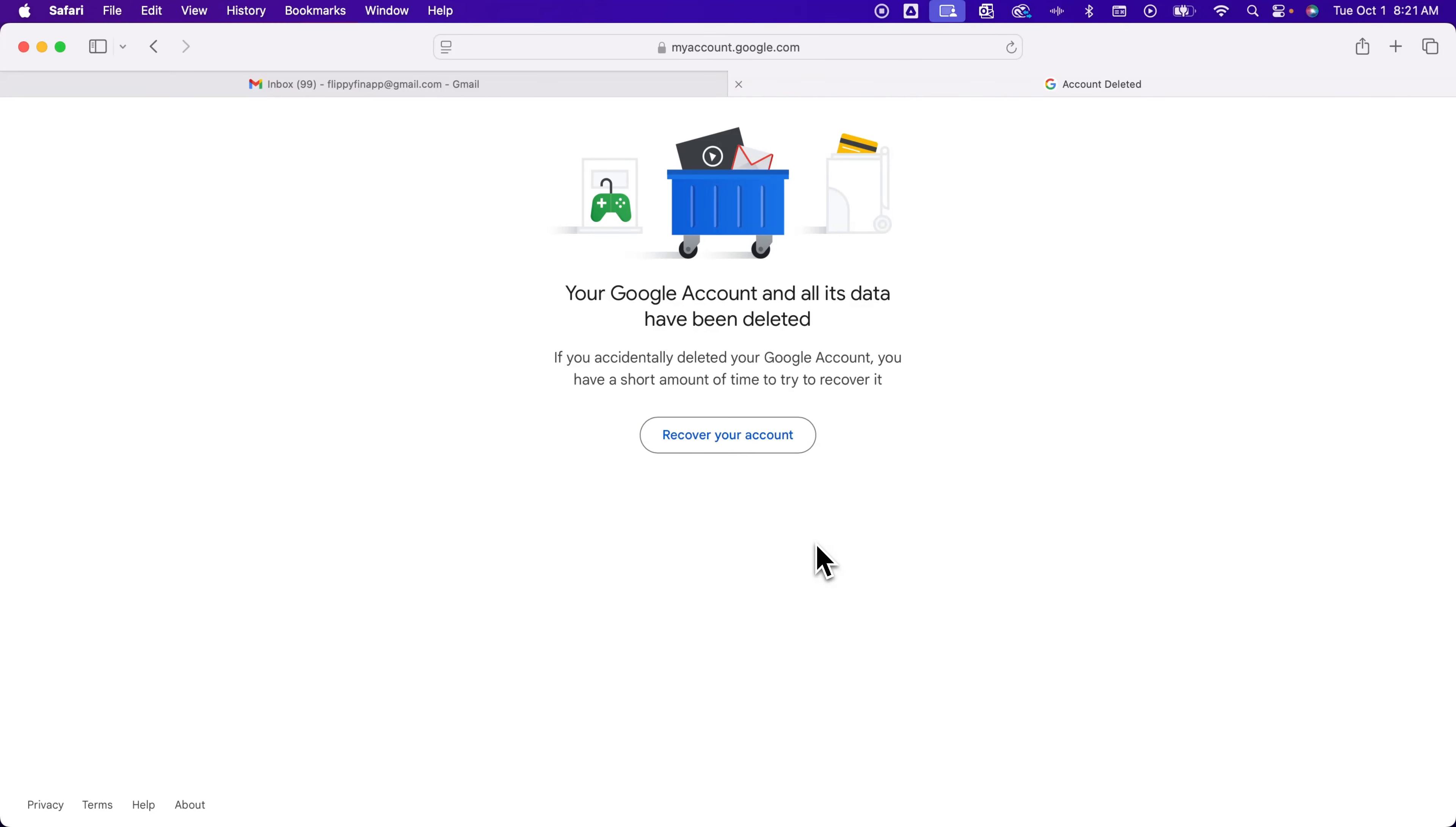But deleting your Gmail account is pretty easy. It does delete your entire Google account and any of its associations. But that's how you can delete your Gmail account.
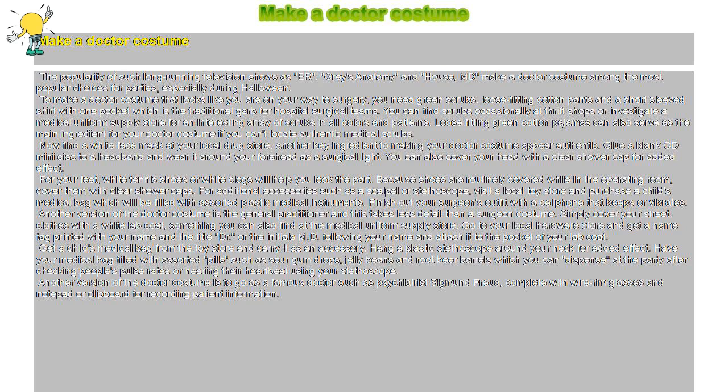Loose-fitting green cotton pajamas can also serve as the main ingredient for your doctor costume if you can't locate authentic medical scrubs.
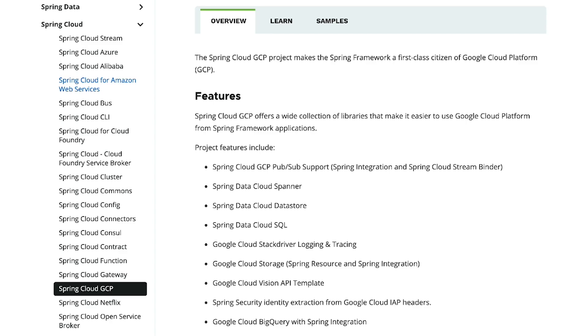With Spring Cloud GCP, you can quickly create services, or migrate existing services to utilize GCP. You can use Spring Data with Cloud Spanner, Firestore, and Datastore. You can add distributed tracing and centralized logging without adding custom code. And there's so much more.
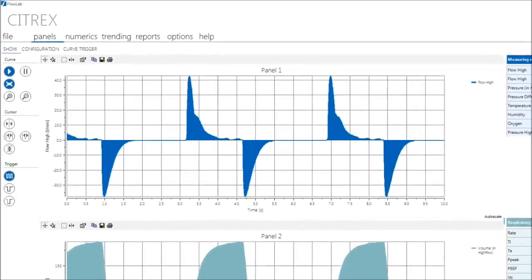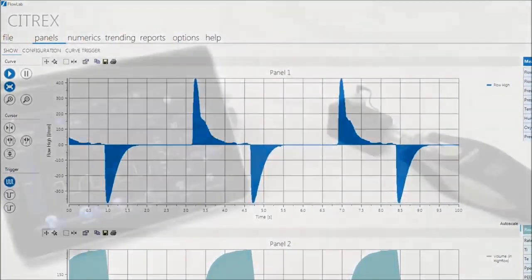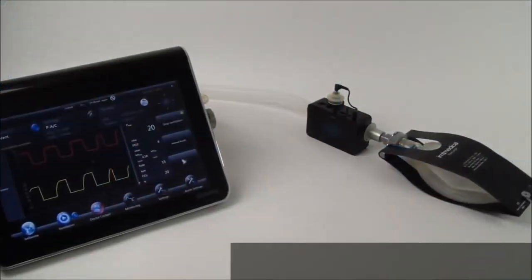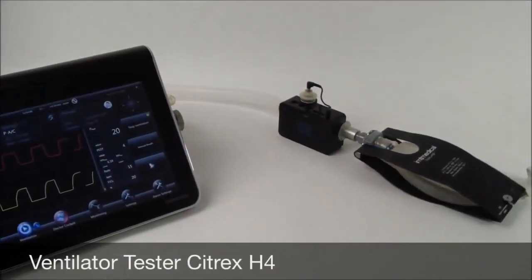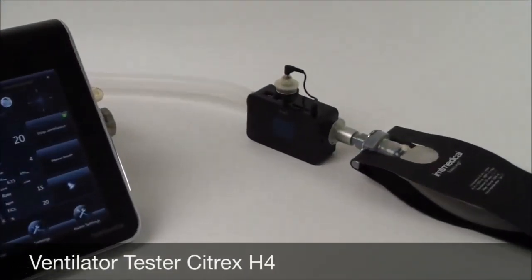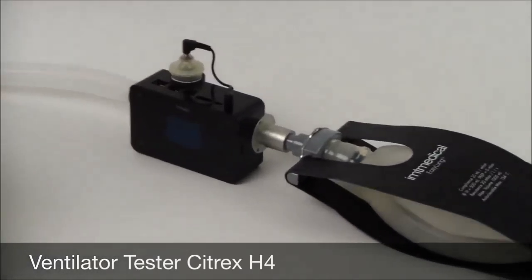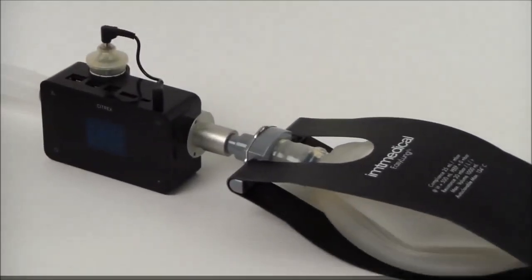The tool provides real-time curves, breath-based parameters, trending, and powerful reporting functions.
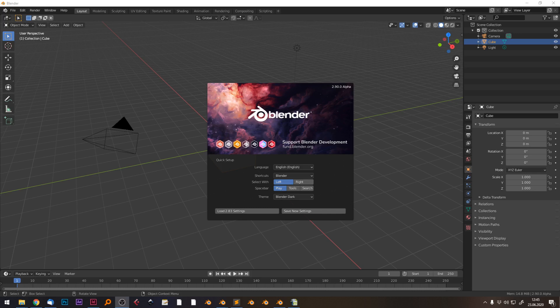Hello, this is Richard with another tutorial. This time we're going to have a look at the world background and introduce some nice clouds.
────
# About this exercise
Would you set down, word for word, the lines running from the one that contains "Loose-fitting green cotton" to the last line of the material, omitting all pictures?

# Solution
Loose-fitting green cotton pajamas can also serve as the main ingredient for your doctor costume if you can't locate authentic medical scrubs.
With Spring Cloud GCP, you can quickly create services, or migrate existing services to utilize GCP. You can use Spring Data with Cloud Spanner, Firestore, and Datastore. You can add distributed tracing and centralized logging without adding custom code. And there's so much more.
The tool provides real-time curves, breath-based parameters, trending, and powerful reporting functions.
Hello, this is Richard with another tutorial. This time we're going to have a look at the world background and introduce some nice clouds.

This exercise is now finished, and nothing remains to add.